Based on the experimental results obtained in this study, it is concluded that Ca₂Ga₂(Ge_0.5Si_0.5)O₇:1.0%Eu²⁺ is the optimal phosphor. In the following section, application of the material in fingerprint identification is explored.

3.4. Ca₂Ga₂(Ge_0.5Si_0.5)O₇:1.0%Eu²⁺ CIE Color and Application in Fingerprint Identification

The CIE coordinates of Ca₂Ga₂(Ge_0.5Si_0.5)O₇:1.0%Eu²⁺ were calculated using the CIE 1931 software by importing the emission spectrum data measured under the excitation of 333 nm. Figure 4a presents the calculated coordinates in the CIE diagram. It is shown that the coordinates on the x and y axes were determined to be 0.257 and 0.515, respectively. It is concluded that Ca₂Ga₂(Ge_0.5Si_0.5)O₇:1.0%Eu²⁺ is a green-emitting phosphor.

In nature, a living thing that comes into contact with solid matter leaves a trace such as a fingerprint [26]. When a fingerprint touches a glass surface, the phosphor will spread on the glass, and one can see the fingerprint under 365 nm violet light. Figure 4b shows an application of the Ca₂Ga₂(Ge_0.5Si_0.5)O₇:1.0%Eu²⁺ material in fingerprint identification. You can clearly see a complete fingerprint and its five fine patterns, which are core point, ridge ending, bifurcation, island and pore. Different types of materials used for fingerprint identification are compared in

Table 2. Summary of materials applied in fingerprint identification [27].

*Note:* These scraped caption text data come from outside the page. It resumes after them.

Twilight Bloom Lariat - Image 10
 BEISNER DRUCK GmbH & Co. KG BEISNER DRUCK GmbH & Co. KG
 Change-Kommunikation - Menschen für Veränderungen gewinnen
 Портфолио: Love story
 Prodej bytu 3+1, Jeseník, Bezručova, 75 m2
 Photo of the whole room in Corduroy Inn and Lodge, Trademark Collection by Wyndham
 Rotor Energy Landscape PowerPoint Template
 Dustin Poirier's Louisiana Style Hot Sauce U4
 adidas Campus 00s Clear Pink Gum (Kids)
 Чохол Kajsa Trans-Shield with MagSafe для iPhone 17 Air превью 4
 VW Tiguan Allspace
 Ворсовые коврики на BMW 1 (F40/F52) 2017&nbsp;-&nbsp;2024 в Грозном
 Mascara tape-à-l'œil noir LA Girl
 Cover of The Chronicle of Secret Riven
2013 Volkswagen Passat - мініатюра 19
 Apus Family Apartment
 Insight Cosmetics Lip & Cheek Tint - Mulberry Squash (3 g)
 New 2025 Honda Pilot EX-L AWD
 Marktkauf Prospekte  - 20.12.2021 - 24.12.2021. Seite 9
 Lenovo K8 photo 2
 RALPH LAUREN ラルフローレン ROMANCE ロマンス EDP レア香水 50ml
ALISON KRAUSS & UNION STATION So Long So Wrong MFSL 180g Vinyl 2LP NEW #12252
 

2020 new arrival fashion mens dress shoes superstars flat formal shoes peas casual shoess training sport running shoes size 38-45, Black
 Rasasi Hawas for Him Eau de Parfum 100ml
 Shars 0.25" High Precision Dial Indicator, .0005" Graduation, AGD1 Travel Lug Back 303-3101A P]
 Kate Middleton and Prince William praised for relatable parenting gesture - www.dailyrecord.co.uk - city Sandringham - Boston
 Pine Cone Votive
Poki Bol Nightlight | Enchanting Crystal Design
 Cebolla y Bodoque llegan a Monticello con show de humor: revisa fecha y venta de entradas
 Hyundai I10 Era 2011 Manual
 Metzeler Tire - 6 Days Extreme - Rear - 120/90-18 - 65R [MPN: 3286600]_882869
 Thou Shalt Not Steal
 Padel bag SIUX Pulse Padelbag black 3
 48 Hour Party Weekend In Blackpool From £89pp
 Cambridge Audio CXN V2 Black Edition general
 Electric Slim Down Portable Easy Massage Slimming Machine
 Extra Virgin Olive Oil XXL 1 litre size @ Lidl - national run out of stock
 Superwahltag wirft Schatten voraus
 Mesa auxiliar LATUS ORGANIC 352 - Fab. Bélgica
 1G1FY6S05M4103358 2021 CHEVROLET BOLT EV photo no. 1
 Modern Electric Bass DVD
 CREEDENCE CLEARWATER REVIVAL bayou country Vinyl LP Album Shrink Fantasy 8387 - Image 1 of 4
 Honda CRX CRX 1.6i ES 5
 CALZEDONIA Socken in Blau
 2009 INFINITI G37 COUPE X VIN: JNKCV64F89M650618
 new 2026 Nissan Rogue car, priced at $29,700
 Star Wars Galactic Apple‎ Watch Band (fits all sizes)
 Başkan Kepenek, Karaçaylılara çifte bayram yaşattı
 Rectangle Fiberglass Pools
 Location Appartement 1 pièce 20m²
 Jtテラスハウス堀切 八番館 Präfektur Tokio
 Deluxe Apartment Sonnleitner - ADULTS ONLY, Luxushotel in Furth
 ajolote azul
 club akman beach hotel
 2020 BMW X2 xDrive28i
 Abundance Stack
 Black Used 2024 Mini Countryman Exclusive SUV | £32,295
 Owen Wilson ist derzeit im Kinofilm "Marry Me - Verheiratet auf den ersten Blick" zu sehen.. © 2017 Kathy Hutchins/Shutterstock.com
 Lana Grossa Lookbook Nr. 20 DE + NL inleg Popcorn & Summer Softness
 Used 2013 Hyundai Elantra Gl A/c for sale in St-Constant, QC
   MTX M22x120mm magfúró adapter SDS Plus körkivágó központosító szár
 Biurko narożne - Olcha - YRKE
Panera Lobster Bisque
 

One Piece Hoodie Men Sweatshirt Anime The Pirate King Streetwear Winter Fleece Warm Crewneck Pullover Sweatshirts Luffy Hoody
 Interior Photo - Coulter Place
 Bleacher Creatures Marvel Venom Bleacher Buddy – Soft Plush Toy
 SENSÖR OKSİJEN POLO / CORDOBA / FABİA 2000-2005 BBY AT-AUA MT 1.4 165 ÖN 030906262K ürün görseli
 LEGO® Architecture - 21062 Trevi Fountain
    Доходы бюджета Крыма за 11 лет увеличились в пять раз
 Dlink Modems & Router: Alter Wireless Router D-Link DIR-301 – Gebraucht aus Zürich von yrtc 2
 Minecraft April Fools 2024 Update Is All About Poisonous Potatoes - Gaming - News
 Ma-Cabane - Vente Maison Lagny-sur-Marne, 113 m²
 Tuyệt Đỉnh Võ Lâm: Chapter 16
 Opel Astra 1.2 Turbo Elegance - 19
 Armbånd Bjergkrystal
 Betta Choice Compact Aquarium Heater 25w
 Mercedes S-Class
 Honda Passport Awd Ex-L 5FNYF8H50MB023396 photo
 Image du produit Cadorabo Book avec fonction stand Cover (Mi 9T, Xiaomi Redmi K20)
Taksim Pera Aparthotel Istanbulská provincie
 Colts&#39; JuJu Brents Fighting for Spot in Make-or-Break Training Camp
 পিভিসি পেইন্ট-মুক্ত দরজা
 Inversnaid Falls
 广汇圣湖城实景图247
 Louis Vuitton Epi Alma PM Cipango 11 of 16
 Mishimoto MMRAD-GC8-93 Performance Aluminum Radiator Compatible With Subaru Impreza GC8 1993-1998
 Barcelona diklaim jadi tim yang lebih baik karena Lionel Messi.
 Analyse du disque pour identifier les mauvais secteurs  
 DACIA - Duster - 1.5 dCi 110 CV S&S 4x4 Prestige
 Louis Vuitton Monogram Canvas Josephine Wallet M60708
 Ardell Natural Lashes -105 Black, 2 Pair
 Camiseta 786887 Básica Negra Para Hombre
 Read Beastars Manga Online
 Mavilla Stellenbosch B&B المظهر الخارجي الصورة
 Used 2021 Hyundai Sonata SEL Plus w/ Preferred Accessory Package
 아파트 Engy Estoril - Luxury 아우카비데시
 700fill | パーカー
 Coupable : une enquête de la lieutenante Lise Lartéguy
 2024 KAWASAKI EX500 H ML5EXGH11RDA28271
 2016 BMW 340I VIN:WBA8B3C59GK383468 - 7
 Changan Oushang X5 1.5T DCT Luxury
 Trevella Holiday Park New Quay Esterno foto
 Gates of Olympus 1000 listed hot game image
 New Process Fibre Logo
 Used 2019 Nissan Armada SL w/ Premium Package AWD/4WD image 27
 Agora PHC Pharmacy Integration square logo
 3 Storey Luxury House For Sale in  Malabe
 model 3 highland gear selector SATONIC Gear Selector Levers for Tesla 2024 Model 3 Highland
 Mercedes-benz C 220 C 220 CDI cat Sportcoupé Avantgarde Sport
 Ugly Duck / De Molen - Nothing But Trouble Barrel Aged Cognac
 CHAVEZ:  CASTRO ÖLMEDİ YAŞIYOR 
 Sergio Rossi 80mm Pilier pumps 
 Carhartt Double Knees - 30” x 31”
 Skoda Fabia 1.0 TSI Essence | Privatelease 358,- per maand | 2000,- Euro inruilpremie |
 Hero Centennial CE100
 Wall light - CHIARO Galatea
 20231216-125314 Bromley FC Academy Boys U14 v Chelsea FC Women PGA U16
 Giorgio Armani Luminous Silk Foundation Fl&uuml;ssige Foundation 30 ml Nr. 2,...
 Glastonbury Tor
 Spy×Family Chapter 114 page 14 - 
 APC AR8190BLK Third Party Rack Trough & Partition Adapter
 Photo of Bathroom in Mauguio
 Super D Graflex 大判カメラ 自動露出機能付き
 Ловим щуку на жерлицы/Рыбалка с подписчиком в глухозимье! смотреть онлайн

Type of Material	Advantages	Disadvantages
Metal	High sensitivity, high conductivity	Low resistance to acids and bases
Metal oxide	Fingerprints with blood or sweat display well, high sensitivity	Low resistance to acids and bases
Quantum dots materials	Good photostability, old fingerprints display well	Expensive
Rare earth fluorescent materials	Wide range of colors, low background influence	Require additional illumination
This work	High sensitivity, high acid resistance, high PL stability	Require additional illumination

in terms of advantages and disadvantages. In addition, as the green phosphors are more widely used in fingerprint identification than other colors, Ca₂Ga₂(Ge_0.5Si_0.5)O₇:1.0%Eu²⁺ exhibits its promise for application in fingerprint identification [27].

4. Conclusions

In conclusion, a green phosphor with the composition of Ca₂Ga₂(Ge_1-xSi_x)O₇:y%Eu²⁺ was synthesized by high-temperature solid-state reaction in a reducing atmosphere and characterized by X-ray diffraction and luminescence spectroscopy methods. The highest emission intensity in Ca₂Ga₂(Ge_1-xSi_x)O₇:y%Eu²⁺ is at the Ge/Si ratio of 0.5:0.5 with the doping concentration at 1%. The energy conversion between Eu²⁺ ions in the Ca₂Ga₂(Ge_0.5Si_0.5)O₇:y%Eu²⁺ phosphor proceeds with an electric multipole–multipole interaction mechanism. The variable temperature fluorescence reveals that the fluorescence intensity of the material at low temperature is higher than that at the high temperatures. The Ca₂Ga₂(Ge_0.5Si_0.5)O₇:1.0%Eu²⁺ material shows promise for application in fingerprint identification at room temperature.